Both Roes have strong voices and thus the duo has very strong harmony vocals. Their “Rocky Road Blues” has a laid-back tempo, but the vocals have a strong edge. “Sourwood Mountain” is done as a fiddle/clawhammer duet with vocals. “It Takes A Long, Long Train With A Red Caboose” is a rockabilly number, and Kim has the voice for it. These folks sound like they are having a lot of fun, and that should appeal to many listeners. (Bonfire Music, 2514 River Rd., Ste. 105, Piedmont, SC 29673, www.bonfiremusicgroup.com.)SAG




Since forming in 1988, this North Carolina family unit has recorded multiple projects that feature a gospel approach to their original tunes and covers of older lesser-known tunes. The Cockman Family is led by father John Cockman (guitar) with siblings Caroline Cockman Fisher (vocals), John Cockman, Jr. (fiddle), Billy Cockman (banjo, guitar), David Cockman (bass), and Ben Cockman (mandolin, guitar). Billy has won banjo championships in Winfield, Kansas, as well as contests in both North and South Carolina. Ben has won guitar contests also at Winfield and other events in The Carolinas and West Virginia.
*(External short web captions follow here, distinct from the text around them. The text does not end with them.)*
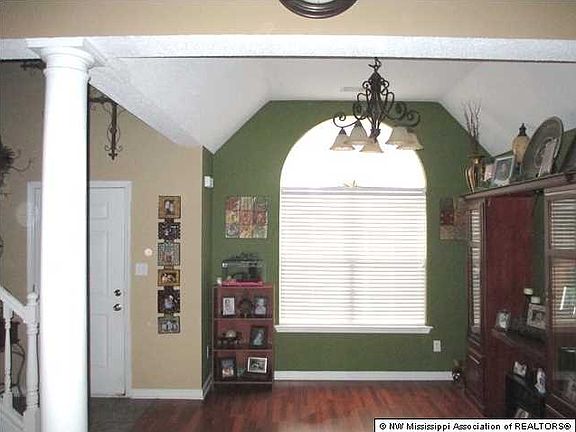 5th image of 5592 Peachtree Dr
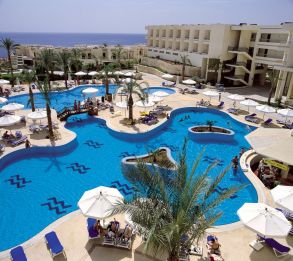 DOUBLETREE BY HILTON SHARKS BAY RESORT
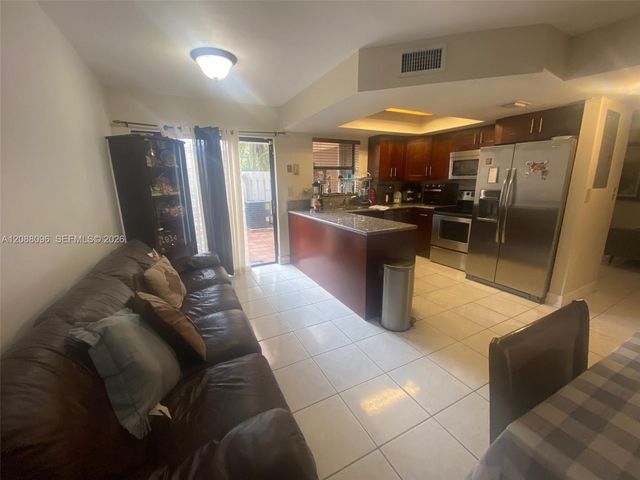 11800 SW 80th Street 114, Miami, FL 33183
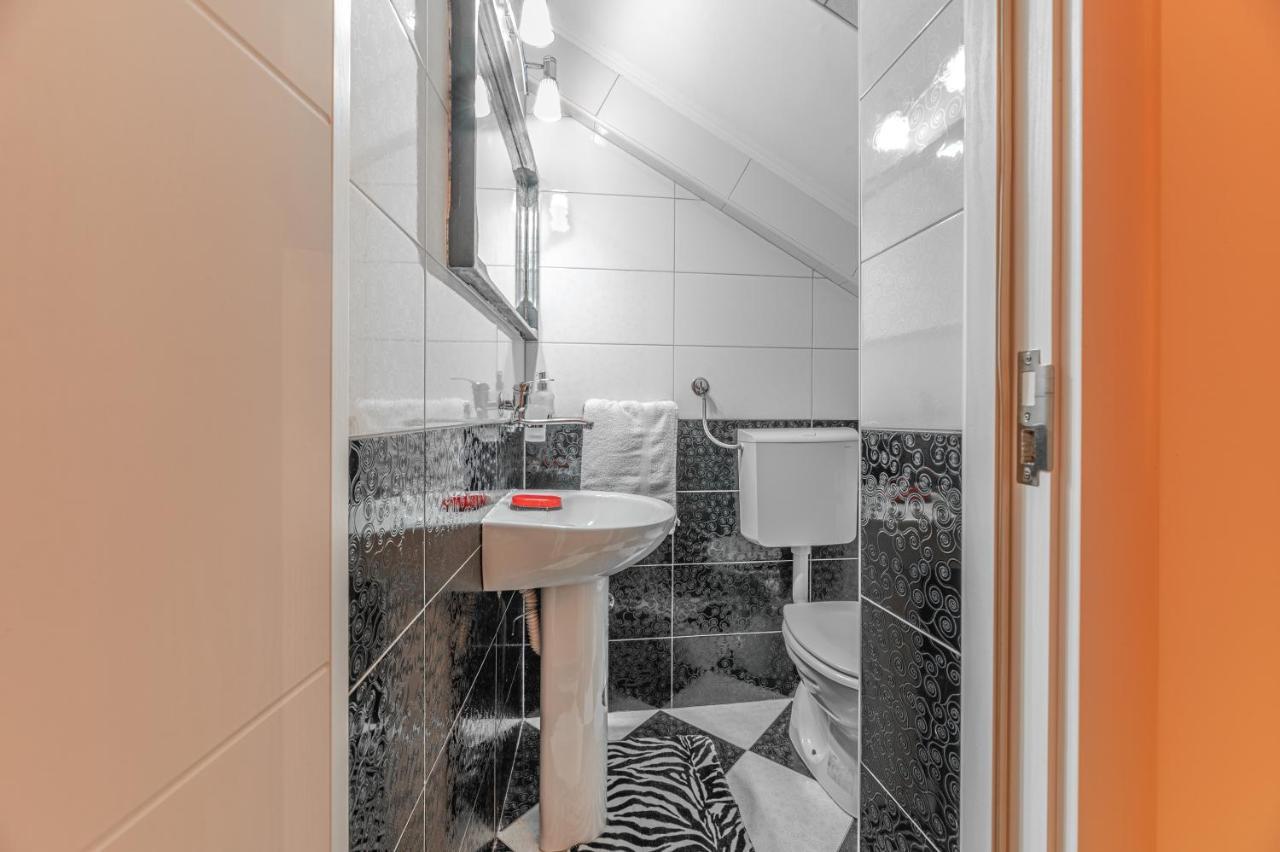 Apartman 2 Kovacina Niksic Ngoại thất bức ảnh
Billy and Caroline are both accomplished songwriters with a few of their songs included on this project. Caroline wrote “I’m Not Gonna Fear,” “Healing,” and “Old Camp Meeting.” Billy contributes “He Forgot What He Forgave” and “He Is My Joy.” The trio of Caroline, Billy, and Ben get together on the old Thomas Dorsey tune “Walking Up The King’s Highway.” Older selections include “Life’s Railway To Heaven” from 1880 and “Over In The Gloryland” from 1906. “Sweet By And By” from 1886 is given an instrumental treatment. The family offers tight harmonies and great picking from Billy and Ben. Another good output from this solid family band. (www.cockmanfamily.com)BF



Free Dirt Records

Jake Blount is an award-winning banjo and fiddle player based in Providence, R.I., whose awards include becoming the first black artist to win the annual Appalachian String Band Music Festival in West Virginia. Blount studies and performs the music of black artists of the Southeast, and even upstate New York. He is joined on the project by Tatiana Hargreaves (fiddle), Nick Gareiss (feet), Rachel Eddy (guitar), Haselden Ciaccio (bass), Jeff Claus (bass-uke), and Judy Hyman (fiddle).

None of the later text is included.